Provided data:
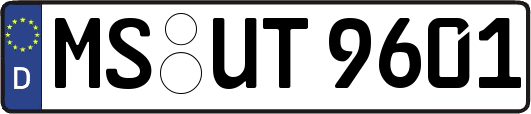 MS-UT9601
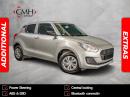 Thumbnail Suzuki Swift 1.2 GA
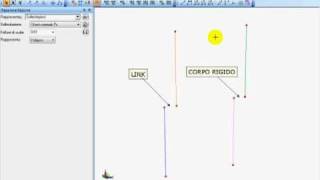 Approfondimento  Link e corpi rigidi [upl. by Aettam745]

Work required: In the copy, keep every line of the data above exactly and drop each picture.

Exercise result:
 MS-UT9601
 Thumbnail Suzuki Swift 1.2 GA
 Approfondimento  Link e corpi rigidi [upl. by Aettam745]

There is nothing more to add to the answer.